Over the past few years, Frederick C. Davis has become one
of my favorite pulp authors. I’ve always liked his work ever since reading
those Corinth paperback reprints of some of his Operator 5 pulp novels, back in
the Sixties. I hadn’t really realized how many different genres Davis wrote in,
though, until recent years.
THRILLING SKY STORIES is a 2005 small press collection of aviation yarns Davis wrote, including two novellas and a short story. I’ve had it for years but just got around to reading it. The volume opens with the novella “The Sky Pirate”, from the April 1929 issue of AIR STORIES. A mysterious, all-black plane is involved with a series of daring robberies. The thieves strike at a ship at sea, a gold mine in the mountains, and a bank in a San Francisco skyscraper. It’s up to a pair of stalwart, two-fisted Border Patrol pilots to track down the mastermind behind these bizarre crimes, but their investigation has barely started when one of them finds himself framed for a crime he didn’t commit, a twist of fate that turns him against the law, too.
The prose in this yarn from fairly early in Davis’s career isn’t as polished as it would be later, and his plotting is a little weak and driven by too many coincidences . . . but man, the action scenes are great.

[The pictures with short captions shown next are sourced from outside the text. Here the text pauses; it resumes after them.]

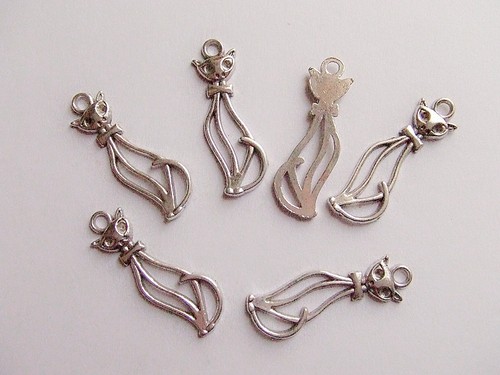 5pz charms ciondoli gatto - 5pz,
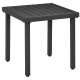 Outdoor Side Table, Patio End Table with Umbrella Hole, Small Coffee Table with Steel Frame for Balcony, Gray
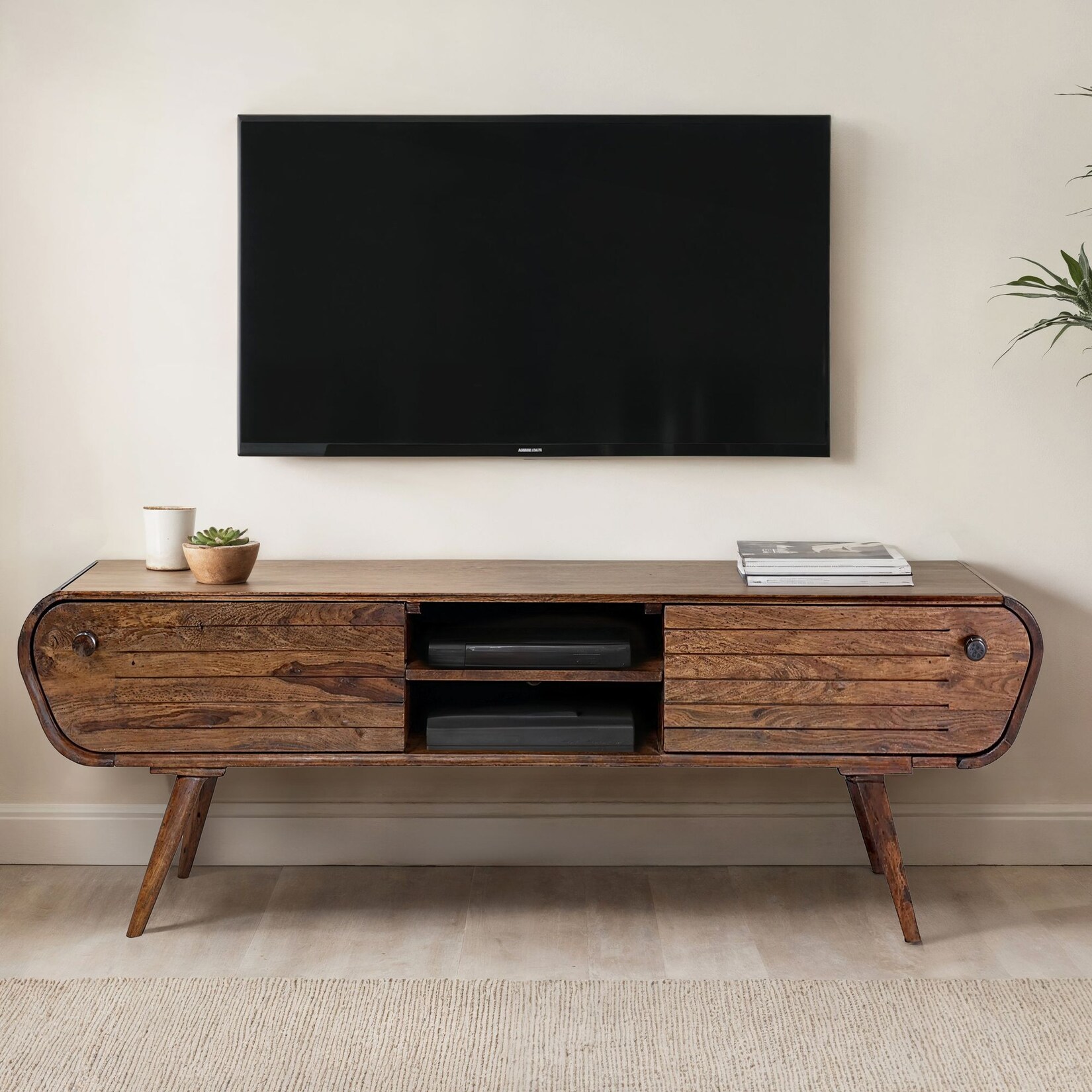 Lowboard FineBuy TV Board Sheesham Massivholz 160 cm Retro Schubladen Fächer | 04251757731655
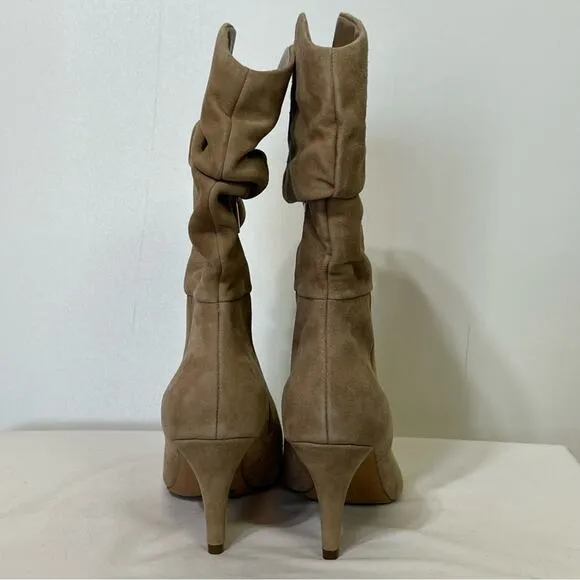 Vince Camuto Sonbela Heel Boots in Tortilla High Suede Size 8.5 NEW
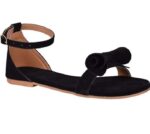 Women's Patent Leather Flat Sandals (Color:Black, Material:Patent Leather)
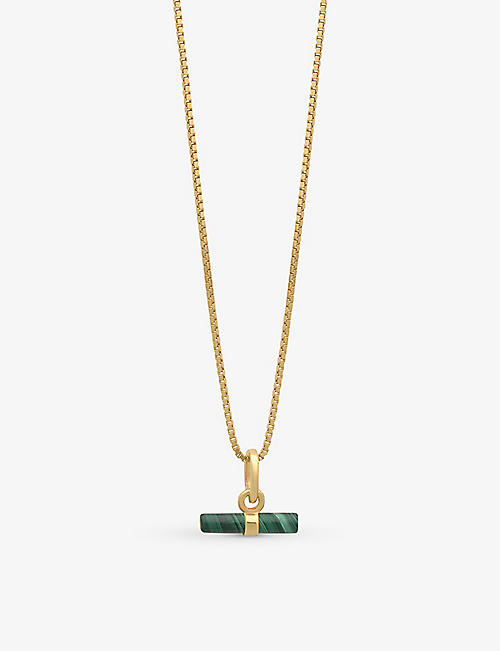 RACHEL JACKSON: Mini T-bar 22ct gold-plated sterling silver and malachite necklace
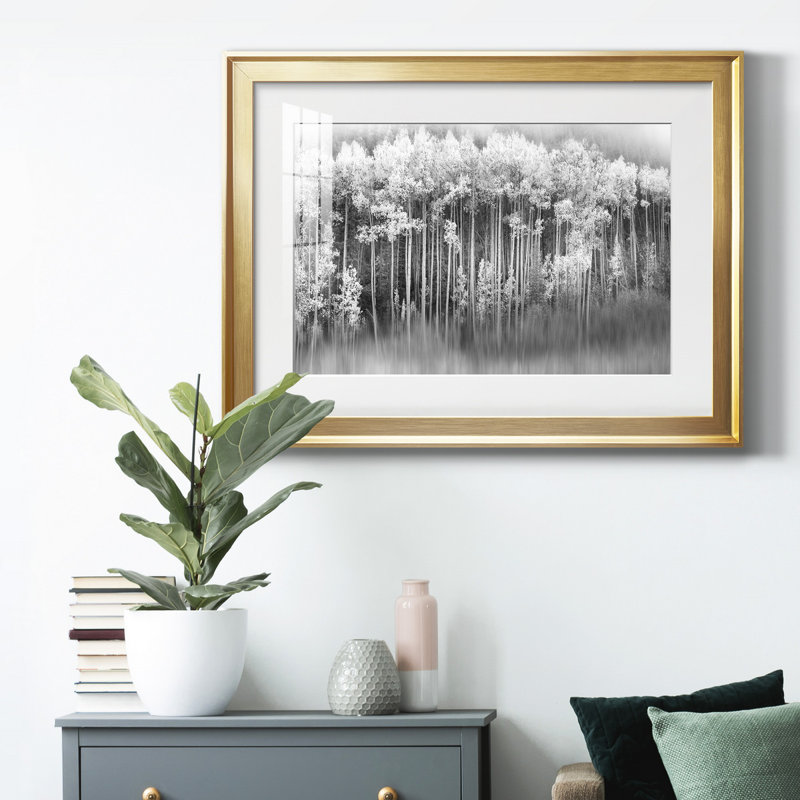 Dreamy Aspen - Photographie avec cadre photo, H 26,5 po x l 36,5 po x P 1,5 po, Or
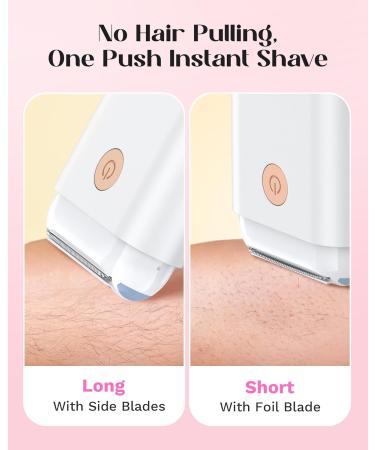 Wavytalk Electric Shaver for Women - USB Rechargeable Bikini Trimmer & Razor for Legs Underarm & Sensitive Areas - Cordless with Detachable Head & LED Lights (White - Buy Online on GoSupps.com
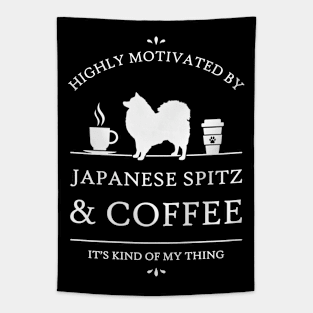 Highly Motivated by Japanese Spitz and Coffee - V2 Tapestry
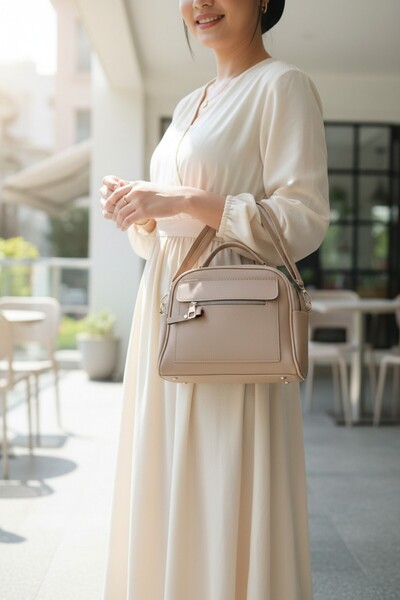 glowfit Women's Beige Kango Model Leather 3 Compartment Adjustable Strap Hand and Shoulder Bag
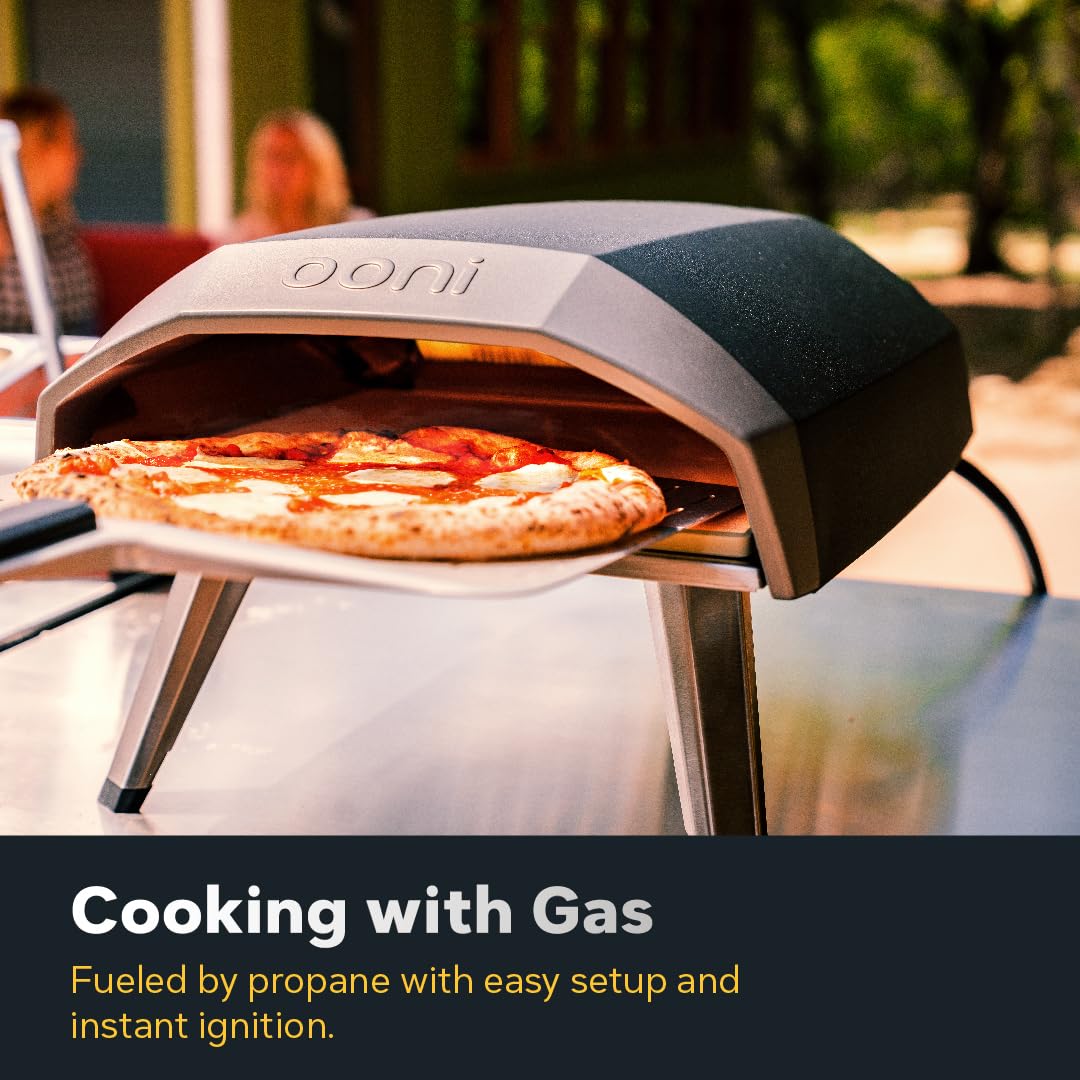 Ooni Koda 12 Outdoor Gas Pizza Oven Bundle - Includes Pizza Oven Cover, Oven Brush and Infrared Thermometer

Also, he was a master at coming up with slam-bang endings where the action continues to the very last paragraph, and he provides a fantastic one here that would have called for some great flying and stunt work if Hollywood had ever made a movie out of this tale. I was really flipping the pages in the last chapter, and any time an author can make me do that, I’ll forgive a lot of other weaknesses. “The Sky Pirate” is a mixed bag, but overall I enjoyed it quite a bit.
“Sky Racketeers”, a novella from the May 1930 issue of WINGS, is exactly what it sounds like, a tale of how gangsters work the ol’ protection racket on an airline. Also as you’d expect, a stalwart, two-fisted pilot gets the job of stopping them, with help from his mechanic sidekick. The plot is a little better in this one, but some of the coincidences still stretch credibility too far. Again, however, the slam-bang ending is great.
This volume wraps up with “Patrol of the Dead”, a short story from the Spring 1937 issue of AIR STORIES. It’s a sequel of sorts to “The Sky Pirate”, featuring the same Border Patrol base and one of the same supporting characters from the earlier story. It’s about the conflict between the Border Patrol and an organization of Mexican drug smugglers (an early day drug cartel, in other words) and is better written and plotted than the other two stories in this book. It lacks the huge climax, but there’s still some good action.
I enjoyed THRILLING SKY STORIES. It’s not a book I’d recommend to anyone who hasn’t read Davis’s work before, since it’s not as good as some of his other work, but anyone who’s already a fan, or who just really likes aviation pulp, will get some good entertainment out of it.